The United States is a competitive country where striving to be the best garners attention and respect. After all, the U.S. started out as a group of competing colonies, and throughout its history as a country, its free market capitalist approach continued the precedent for internal competition among the states.
As a financial leader in the world, it’s only natural that some people would be interested to see how each state in America stacks up financially.
One of the best gauges for financial health is the credit score, a widely used financial benchmark. It is a numerical value that represents a consumer’s history with credit, debt, and financial obligations, and it is relied on heavily by lenders and banks deciding whether to issue credit or a loan to a consumer.
On that note, we decided to compare all of the states (and Washington D.C.) by looking at their average credit scores.
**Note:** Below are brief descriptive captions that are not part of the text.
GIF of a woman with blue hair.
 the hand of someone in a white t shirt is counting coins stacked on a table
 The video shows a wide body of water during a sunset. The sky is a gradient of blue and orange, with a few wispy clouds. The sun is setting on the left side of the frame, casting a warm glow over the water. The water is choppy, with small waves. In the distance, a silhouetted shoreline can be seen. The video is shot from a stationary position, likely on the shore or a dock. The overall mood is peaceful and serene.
We wanted to see which states’ residents were doing well financially, and we wanted to see the difference between the top performing states compared to the rest of the country. Scroll down to see which states have the best credit scores, as well as a couple of key findings observed along the way.
In this report, you will find the national average credit score, each state's average credit score, and average credit scores by region.
- The national average credit score was 682. A total of 29 states had an above average credit score.
- Minnesota ranked first in the U.S. with a credit score of 722, while Mississippi ranked last with a credit score of 648.
- Regionally, the Northeast had the highest average credit score (694). The Midwest (693), Pacific (691), and Rocky Mountain (690) regions followed closely behind. The Southeast (668) and Southwest (662) regions had the lowest credit scores on average.
Top States Ranked By Average Credit Score
Using Experian’s Premiere Aggregated Credit StatisitcsSM (PACS), Vantage Score®1 3.0 and ZIP Code™2 data were pulled, and Onboard Informatics provided population, state name, and ZIP Code™ data.
Population statistics were used during processing, but they were not included in the report. The ZIP™ Codes were used to join the Experian and Onboard datasets, but they were not published in the report. Only state names, Vantage Scores, calculated percent differences, and ranks were published.
In order to find the average VantageScore® 3.0 for each state, an average of all the median Vantage Scores in a given state was calculated; the averages were weighted by populations of each Zip Code™ in their respective states.
The national average VantageScore™ 3.0 was calculated in the same way, but data was aggregated fully instead of being broken out by state. Regional averages were calculated in the same way, but they were broken out by region instead of state.
In order to figure out the percent difference between each state average and the national average, each average was converted to a hundred percent scale, then the percent difference was found through a simple percent change calculation.
Each state was ranked from highest to lowest according to VantageScore® 3.0.